Why does cloning from VSTS return old unreferenced objects?

UPDATE (2017-08-09):

We rolled out commit reachability bitmap indexes to VSTS and removed the clone cheat mentioned below. Cloning will no longer download unreachable objects! . We still don't have true object-level git gc on the server yet, but clone sizes will be smaller now.

TFS on-prem will get these changes in v.Next (not in any TFS 2017 updates, but the next major release). As Brian Harry mentioned, we should have a release candidate for v.Next in a few weeks.

We'll probably expand on this in future blog posts, but unlike core Git, we use Roaring bitmaps instead of EWAH bitmaps.  Daniel Lemire has some great blog posts and publications on bitmap indexes that we greatly enjoyed and benefited from.

Original Post: 

Note: "core Git" refers to the official base Git implementation, as opposed to Visual Studio or GitHub, or VSTS, which may involve non-standard implementations or behavior.

A customer asked:

We removed some unwanted binaries from our repo on visualstudio.com by following the instructions at https://help.github.com/articles/remove-sensitive-data/. We force-pushed to master and deleted all our other branches.

After running git gc locally, our local repo is now 5 MB, but git clone from visualstudio.com still returns 100MB. The old unreferenced blobs are still being sent down by the server.

How do we git gc (or some equivalent) on the server as well?

There are two issues here:

  1. There is no equivalent to git gc on VSTS yet.

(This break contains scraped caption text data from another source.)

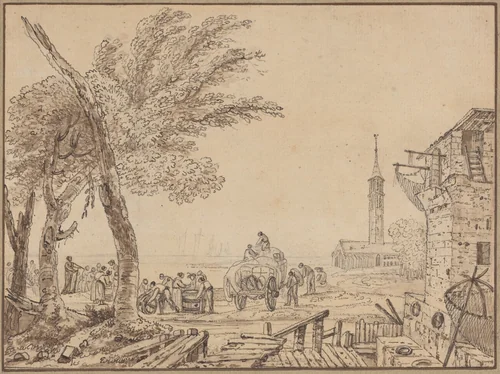 View of a Port by European, drawing, 1700-1799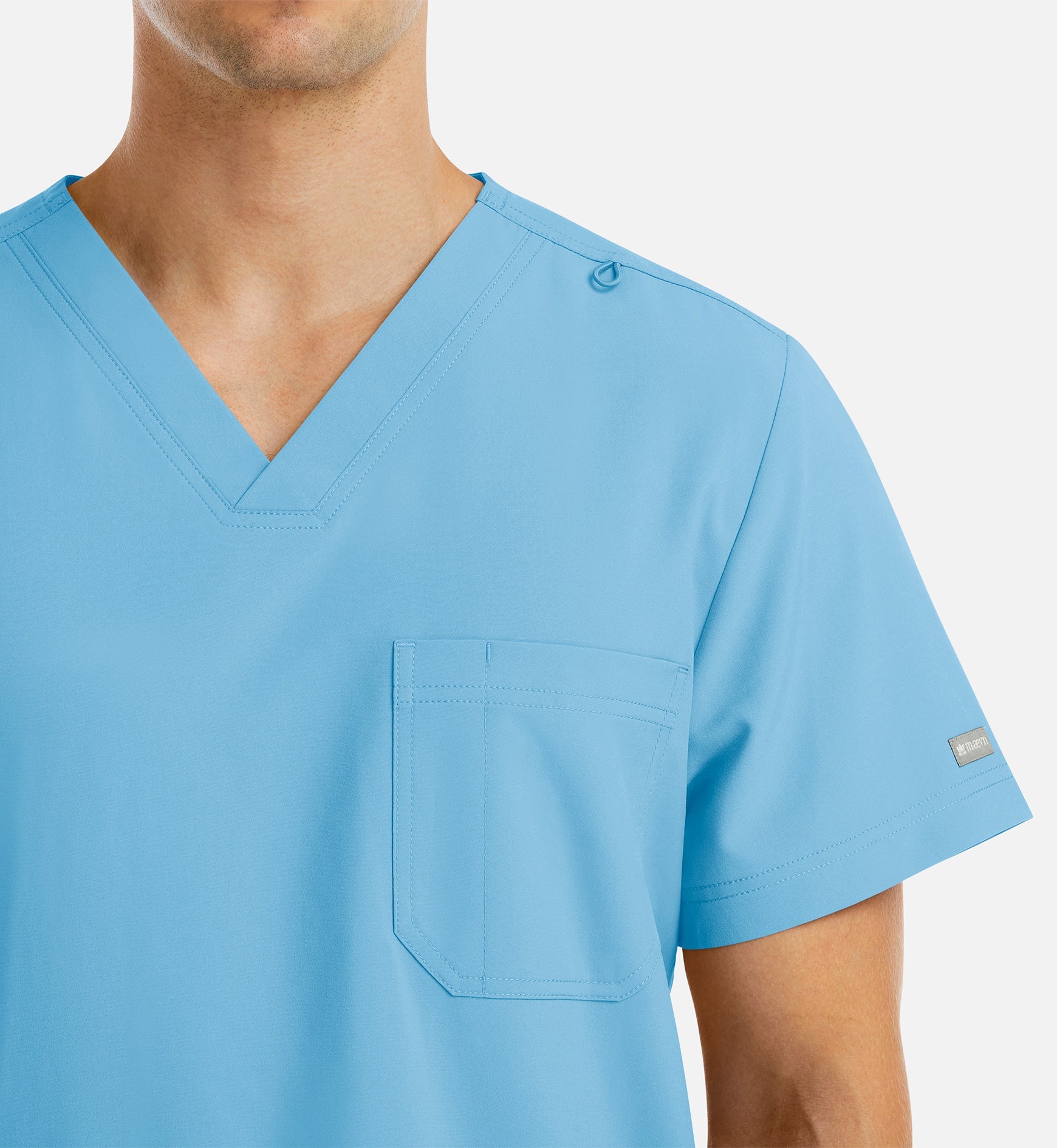 Momentum 5802 Men's 4 Pocket Banded V-Neck Top Turquoise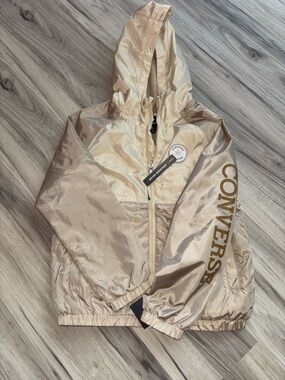 Converse Kids' Hooded Rain Jacket in Shimmering Champagne Gold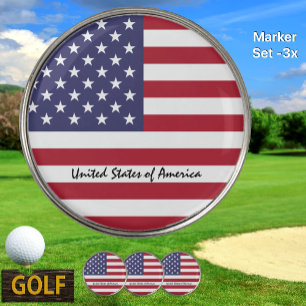 Patriotic American Flag & USA Golf Ball Marker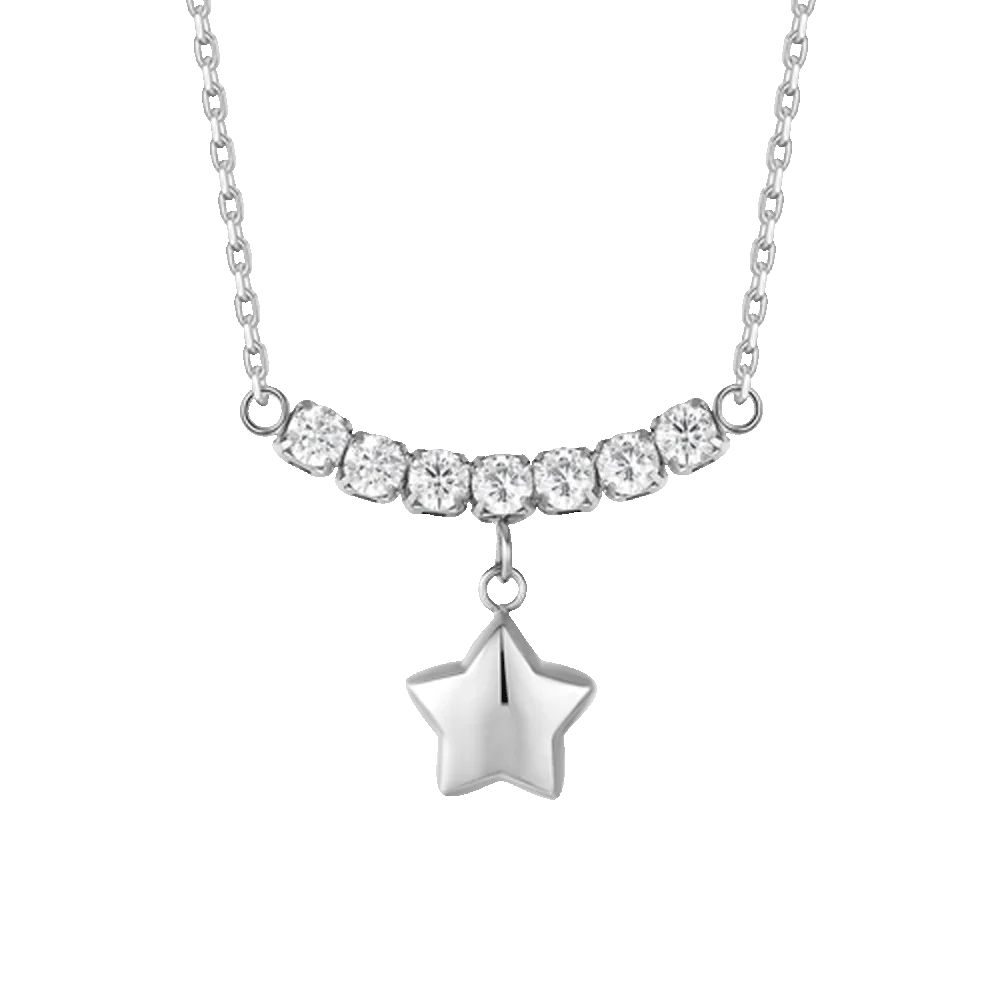 COLLANA DONNA IN ACCIAIO CON STELLA E ZIRCONI BIANCHI - Image 4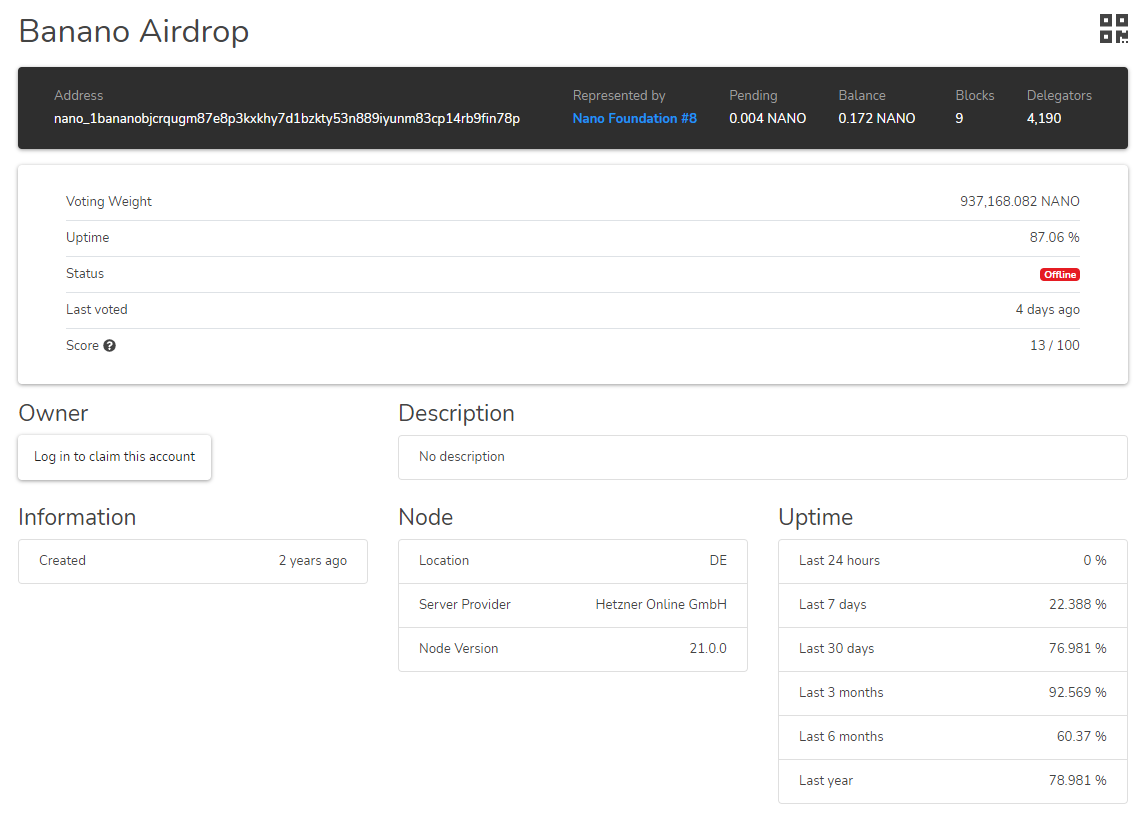 A screenshot from My Ninja Nano showing the Banano Airdrop node has been offline for 4 days, and currently has over 900,000 NANO delegated to it.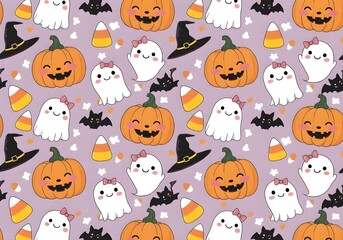 Obraz premium Cute Halloween Pattern Wallpaper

    Our server preserves the history of every ref/branch update to Git repos, including deleted branches. This is analogous to the "reflog" in core Git. On VSTS, we expose the reflog via the REST API and the Branch Updates (i.e. pushes) tab in Web Access. Similarly to core Git, objects in the reflog are still considered to be referenced and will not be deleted by git gc. Core Git can eventually prune old reflog entries via git prune or git gc, but VSTS does not have that functionality yet.

  2. Large fetches are expensive for the server to calculate, so we cheat a little.

    Large fetches (and clones) have historically been very expensive in both core Git and VSTS due to the "counting objects" phase. https://githubengineering.com/counting-objects/ has a nice explanation of the problem, as well as how core Git and GitHub have (cleverly) improved the perf w/ bitmap indexes.

    Unfortunately, VSTS does not have that perf fix yet. Instead, it cheats a bit and blindly streams back every object that exists on the server if the client has nothing and is asks for all branches and tags (e.g. for git clone). This is generally reasonable, until a user decides to dereference most of the objects in their repo to save space!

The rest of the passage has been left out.